SU FAKİRİ OLMAYA DOĞRU GİDİYORUZ

Hızlı nüfus artışı, kentleşme, ekonomik kalkınma ve iklim değişikliğinin, dünyanın su kaynaklarını baskı altına soktuğuna işaret eden Bayraktar, insanların beslenebilmesi için yeterli ve güvenilir gıda üretiminin yanı sıra sulama suyuna ve temiz suya olan ihtiyacın da arttığını kaydetti.
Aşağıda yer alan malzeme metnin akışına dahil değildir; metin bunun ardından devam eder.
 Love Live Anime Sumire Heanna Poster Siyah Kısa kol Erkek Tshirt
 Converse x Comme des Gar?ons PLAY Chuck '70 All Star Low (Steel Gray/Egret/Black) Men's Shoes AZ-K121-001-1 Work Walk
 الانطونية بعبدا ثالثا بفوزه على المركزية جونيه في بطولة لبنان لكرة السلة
Tarımsal ve evsel su talebinin artmasının yanında gelişen sanayi sektöründe de su talebinin arttığını vurgulayan Bayraktar, "Günümüzde 2,4 milyar insan su sıkıntısı çeken ülkelerde yaşıyor. Ayrıca küresel nüfusun yaklaşık yüzde 10'u da yüksek ve kritik su sıkıntısı çeken ülkelerde bulunuyor. Ülkemizde kişi başına düşen yıllık su miktarı 2000 yılında 1652 metreküp iken, 2022 yılında ise 1322 metreküpe düştü. Mevcut durumda ülkemiz yıllık kişi başına düşen 1322 metreküp ile su stresi yaşayan ülkeler arasında yer alıyor ve hızla su fakiri ülke konumuna ilerlediğimiz görünüyor" ifadelerini kullandı.
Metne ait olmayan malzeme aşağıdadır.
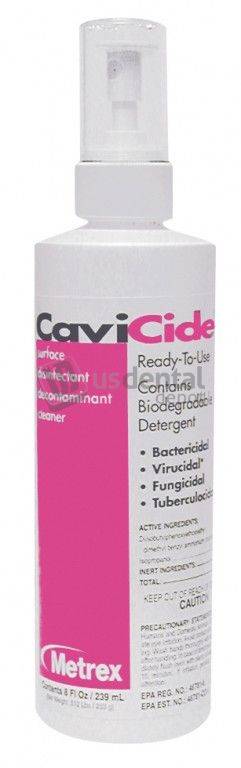 METREX CaviCide 8 oz Spray x 12/cs (Item is considered HAZMAT and cannot ship via Air) # MET 13-1008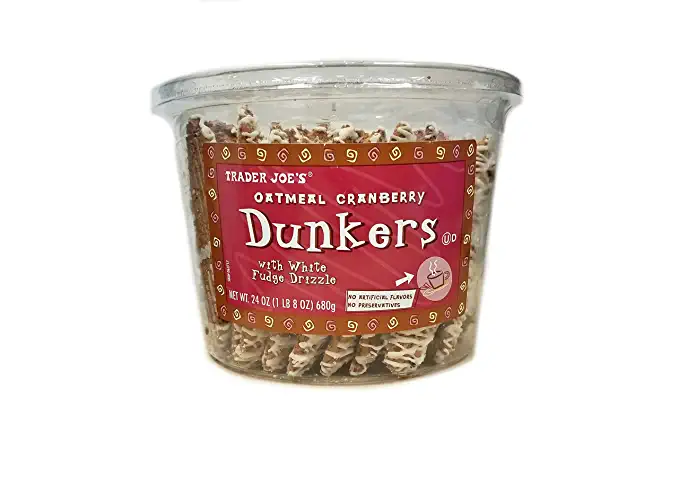 Trader Joe's Oatmeal Cranberry Dunkers with White Fudge Drizzle (24oz) 1 LB 8 oz - 645647547848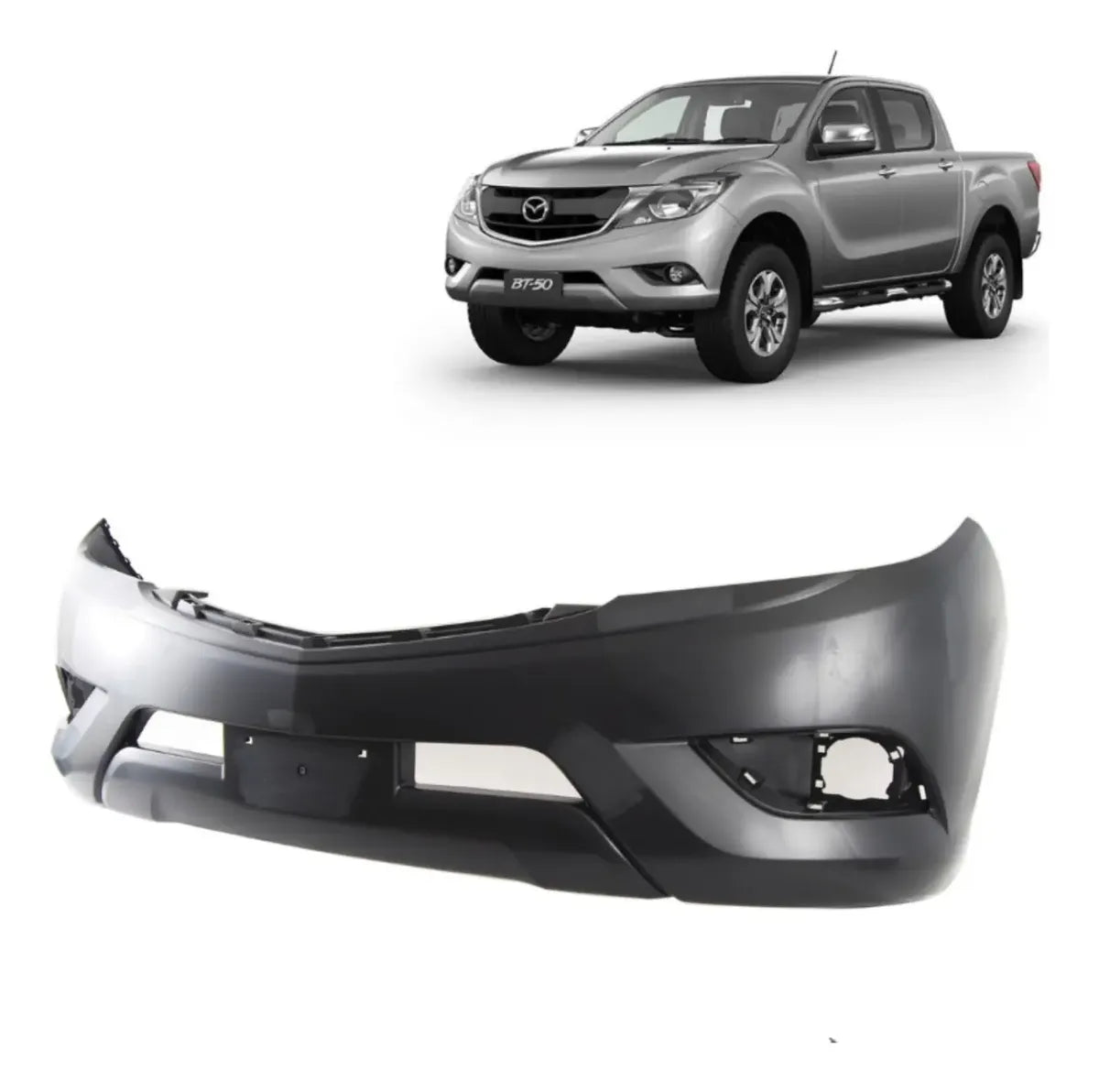 Parachoque Delantero Mazda Bt50 2017 Al 2021 Genuino Taiwan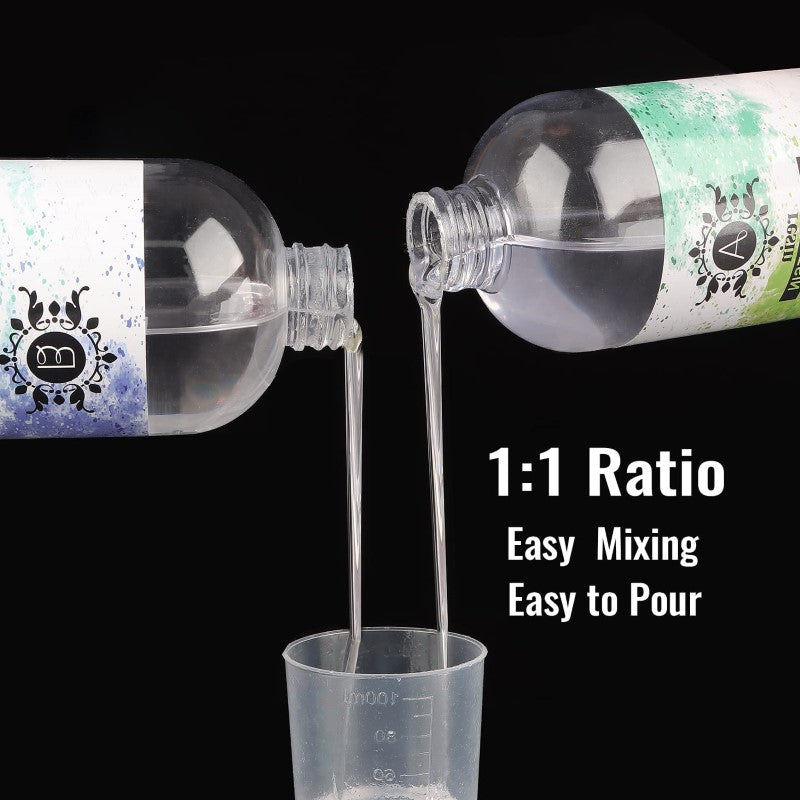 Epoxy Resin - Crystal Clear Resin Casting Coating Hardener Kit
SU GIDA GÜVENLİĞİ İÇİN ÖNEMLİ

Türkiye'de 112 milyar metreküp olan su potansiyelinin 57 milyar metreküpünün kullanıldığına dikkat çeken Bayraktar, "Bu miktarın yüzde 77'si yani 44 milyar metreküpü tarımsal sulamada ve geri kalan 13 milyar metreküpü ise içme, kullanma ve sanayi suyu olarak değerlendiriliyor. Ülkemizde yenilikçi teknolojilerin benimsenmesi, mevcut sulama altyapısının rehabilitasyonu ve modernizasyonu da dahil olmak üzere su verimliliğini artıran teşvik edici uygulamalara öncelik verilmelidir. Ülkemizde ekonomik olarak sulanabilir alan 8,5 milyon hektar olup, 6,96 milyon hektar alan sulamaya açıldı. Sulamaya açılan alanda artış olmakla birlikte 1,54 milyon hektar alanda sulama altyapısı tamamlanmadı. Ekonomik nedenler, su kaynağı ve tesis yetersizliği, topografya yetersizliği, arazinin parçalı olması gibi nedenlerden dolayı tarım alanları yeterince sulanamıyor. Ancak sulama alt yapısı tamamlanmamış tarım arazilerinin suya kavuşturulması gıda güvenliğimiz için oldukça önemlidir" şeklinde görüş belirtti.